Exercise aim: What appears from the line containing "teal burgundy grey" to the end of the listing below should be copied exactly, with no other lines.

··· Supplied entries

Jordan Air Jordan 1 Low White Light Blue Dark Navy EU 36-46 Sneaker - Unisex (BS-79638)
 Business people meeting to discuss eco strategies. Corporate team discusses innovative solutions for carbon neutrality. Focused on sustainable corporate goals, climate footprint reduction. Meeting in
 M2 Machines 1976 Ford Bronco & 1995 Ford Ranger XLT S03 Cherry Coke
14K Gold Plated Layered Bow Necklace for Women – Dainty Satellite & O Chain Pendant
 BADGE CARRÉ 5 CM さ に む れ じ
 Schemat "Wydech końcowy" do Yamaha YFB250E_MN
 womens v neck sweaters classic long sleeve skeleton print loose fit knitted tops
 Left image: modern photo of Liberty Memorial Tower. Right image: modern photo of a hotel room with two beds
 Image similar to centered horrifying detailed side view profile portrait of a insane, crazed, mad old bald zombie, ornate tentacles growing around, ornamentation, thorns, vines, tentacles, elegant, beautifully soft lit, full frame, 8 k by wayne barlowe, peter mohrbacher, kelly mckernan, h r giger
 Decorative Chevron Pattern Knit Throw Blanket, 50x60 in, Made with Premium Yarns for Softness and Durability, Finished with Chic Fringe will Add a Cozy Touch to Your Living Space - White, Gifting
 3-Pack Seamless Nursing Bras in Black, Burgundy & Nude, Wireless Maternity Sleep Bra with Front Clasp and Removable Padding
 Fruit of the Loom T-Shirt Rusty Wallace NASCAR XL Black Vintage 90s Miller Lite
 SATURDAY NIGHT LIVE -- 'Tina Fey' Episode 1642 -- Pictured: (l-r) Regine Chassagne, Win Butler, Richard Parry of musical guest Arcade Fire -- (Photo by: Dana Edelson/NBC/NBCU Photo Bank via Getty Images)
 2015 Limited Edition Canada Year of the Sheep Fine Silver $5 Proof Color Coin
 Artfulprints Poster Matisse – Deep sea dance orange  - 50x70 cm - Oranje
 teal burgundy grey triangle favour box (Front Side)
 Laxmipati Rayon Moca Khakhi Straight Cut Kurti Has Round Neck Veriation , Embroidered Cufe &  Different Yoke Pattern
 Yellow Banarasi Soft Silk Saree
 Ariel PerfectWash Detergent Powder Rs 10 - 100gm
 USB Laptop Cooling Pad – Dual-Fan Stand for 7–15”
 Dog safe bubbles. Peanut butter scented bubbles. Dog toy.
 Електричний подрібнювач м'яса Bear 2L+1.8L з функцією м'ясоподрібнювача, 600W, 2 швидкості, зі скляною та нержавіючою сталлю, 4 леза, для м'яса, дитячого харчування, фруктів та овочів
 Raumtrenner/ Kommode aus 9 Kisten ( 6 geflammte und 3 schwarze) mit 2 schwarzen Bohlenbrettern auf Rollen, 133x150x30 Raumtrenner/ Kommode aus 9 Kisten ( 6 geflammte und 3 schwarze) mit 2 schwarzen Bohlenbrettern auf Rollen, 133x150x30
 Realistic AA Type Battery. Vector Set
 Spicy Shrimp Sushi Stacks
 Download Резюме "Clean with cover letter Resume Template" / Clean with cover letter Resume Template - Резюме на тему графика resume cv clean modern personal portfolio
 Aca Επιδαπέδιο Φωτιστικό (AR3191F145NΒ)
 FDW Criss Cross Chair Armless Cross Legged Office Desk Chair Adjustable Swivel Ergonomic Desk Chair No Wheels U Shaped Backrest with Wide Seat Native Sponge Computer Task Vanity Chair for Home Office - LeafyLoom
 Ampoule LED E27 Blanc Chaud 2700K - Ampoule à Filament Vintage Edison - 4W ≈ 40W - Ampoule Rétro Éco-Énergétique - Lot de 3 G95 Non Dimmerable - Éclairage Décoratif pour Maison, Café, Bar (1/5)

······

Answer space:
 teal burgundy grey triangle favour box (Front Side)
 Laxmipati Rayon Moca Khakhi Straight Cut Kurti Has Round Neck Veriation , Embroidered Cufe &  Different Yoke Pattern
 Yellow Banarasi Soft Silk Saree
 Ariel PerfectWash Detergent Powder Rs 10 - 100gm
 USB Laptop Cooling Pad – Dual-Fan Stand for 7–15”
 Dog safe bubbles. Peanut butter scented bubbles. Dog toy.
 Електричний подрібнювач м'яса Bear 2L+1.8L з функцією м'ясоподрібнювача, 600W, 2 швидкості, зі скляною та нержавіючою сталлю, 4 леза, для м'яса, дитячого харчування, фруктів та овочів
 Raumtrenner/ Kommode aus 9 Kisten ( 6 geflammte und 3 schwarze) mit 2 schwarzen Bohlenbrettern auf Rollen, 133x150x30 Raumtrenner/ Kommode aus 9 Kisten ( 6 geflammte und 3 schwarze) mit 2 schwarzen Bohlenbrettern auf Rollen, 133x150x30
 Realistic AA Type Battery. Vector Set
 Spicy Shrimp Sushi Stacks
 Download Резюме "Clean with cover letter Resume Template" / Clean with cover letter Resume Template - Резюме на тему графика resume cv clean modern personal portfolio
 Aca Επιδαπέδιο Φωτιστικό (AR3191F145NΒ)
 FDW Criss Cross Chair Armless Cross Legged Office Desk Chair Adjustable Swivel Ergonomic Desk Chair No Wheels U Shaped Backrest with Wide Seat Native Sponge Computer Task Vanity Chair for Home Office - LeafyLoom
 Ampoule LED E27 Blanc Chaud 2700K - Ampoule à Filament Vintage Edison - 4W ≈ 40W - Ampoule Rétro Éco-Énergétique - Lot de 3 G95 Non Dimmerable - Éclairage Décoratif pour Maison, Café, Bar (1/5)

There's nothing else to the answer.